“Enquanto BC não domar inflação, teremos problemas seríssimos”, afirma professor de economia

Otto pontuou que a taxa de juros retrata muito mais uma condição estrutural do país, como a educação, saúde, segurança e a mobilidade urbana

Diante de cenário inflacionário e expectativa de término do ciclo de aperto monetário para maio, conformou informou o presidente do Banco Central (BC), Roberto Campos Neto, durante entrevista, o professor de economia do Insper, Otto Nogami, comentou, nesta terça-feira (29), sobre os impactos da elevação da taxa de juros para a economia.

“O grande problema que nós estamos enfrentando hoje é o processo inflacionário. Enquanto o Banco Central não conseguir domar essa inflação, realmente, nós teremos problemas seríssimos na atividade econômica como um todo”, afirmou durante entrevista à BM&C News.

Durante a explicação, Otto disse que, a medida que o processo inflacionário vai tirando o poder de compra das famílias, o nível de consumo cai (demanda interna) e isso, para a indústria, significa ter de produzir menos.

“Isso faz com que o setor produtivo da economia se sinta precavido e, principalmente, levando-se em conta que estamos em um ano eleitoral”, disse.

Com isso, Otto destacou ainda que de modo a angariar voto isso faz com que o próprio Estado tenha a tendência de aumentar seus gastos. Neste sentido, o aumento de gastos pode compensar a queda no consumo.

“Mas é muito temerário, porque o governo não tem mais espaço fiscal, então a medida que tenha necessidade de financiar o déficit, ele acaba comprometendo a poupança nacional”, explicou.

Questionado sobre o controle da inflação, Otto pontuou que a elevação da taxa de juros acaba criando junto à sociedade uma preocupação adicional de que tudo vá ficar mais caro.

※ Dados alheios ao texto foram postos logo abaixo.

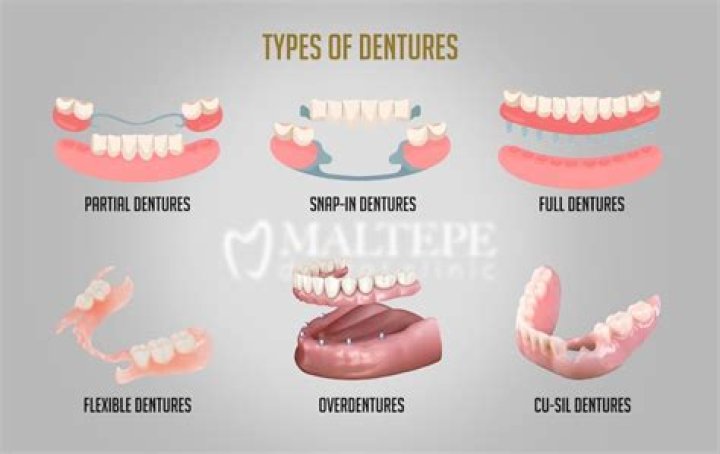 At what point do you need dentures?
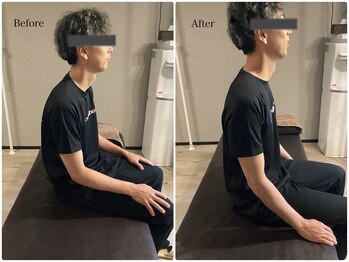 ワン ストレッチ(ONE stretch)/【40代男性before・after】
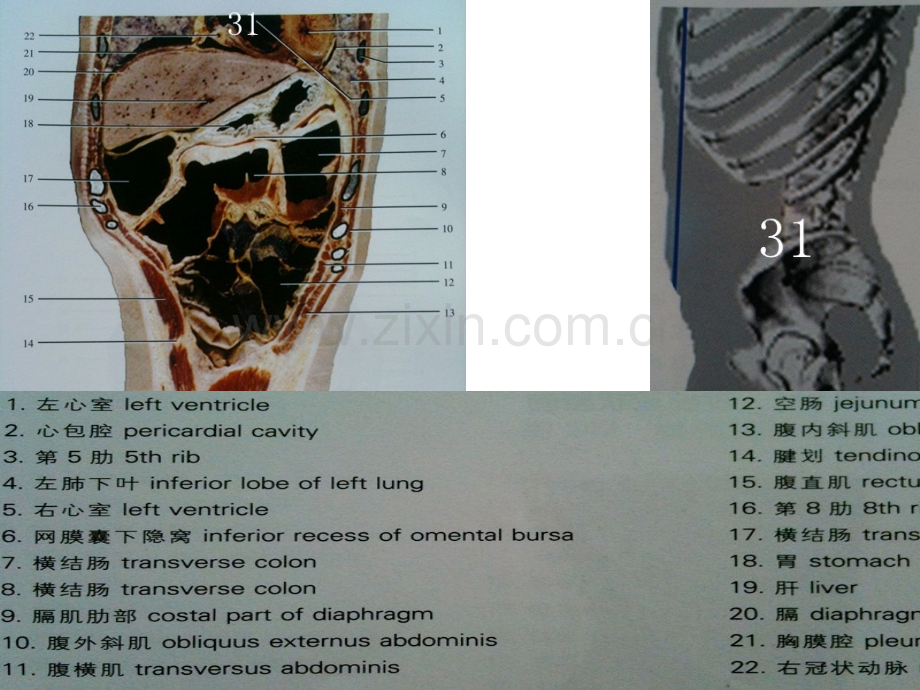 人体断面解剖图谱09-腹部冠状断面.pptx_第2页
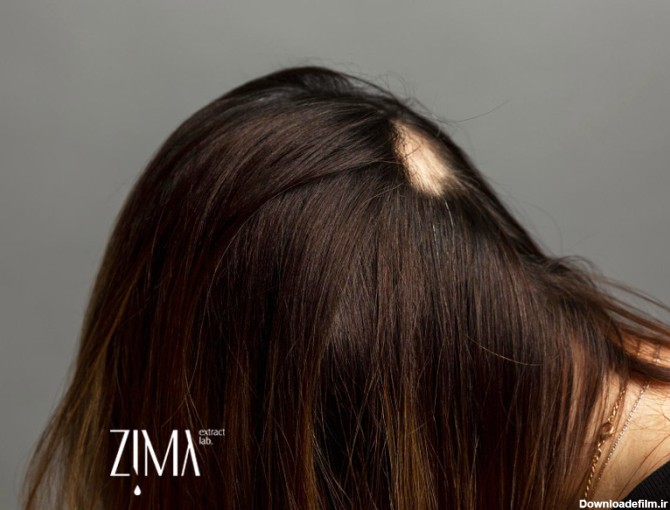ریزش مو سکه ای (آلوپسی) چیست؟ + علت و درمان آن | زیمالب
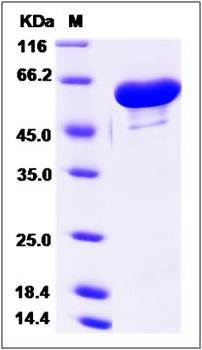 SDS-PAGE analysis of human GALNT2 protein (His Tag)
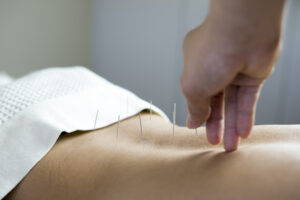 PIRIFORMIS SYNDROME-ACUPNCTURE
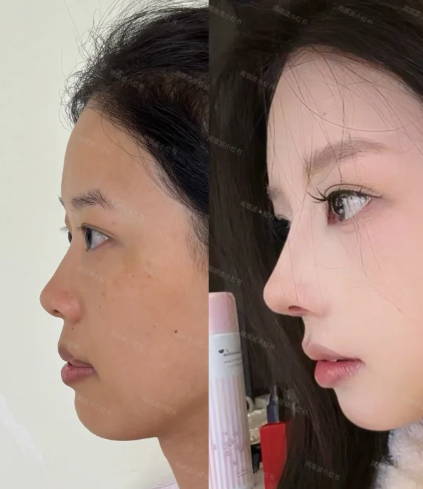 成都周顺波和李竞鼻修复哪个好?周顺波和李竞做隆鼻修复口碑谁更厉害?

Com isso, partindo do ponto de vista do professor, a taxa de juros retrata muito mais uma condição estrutural do país, como a educação, saúde, segurança e a mobilidade urbana.

“A medida que esses quatro elementos apresentam uma piora, então, necessariamente você tem que elevar a taxa de juros, porque custa mais caro produzir no país. Então, não adianta ficar só mexendo na taxa de juros se não tomar cuidado, justamente, com essa questão que envolve a infraestrutura”, ressaltou o especialista.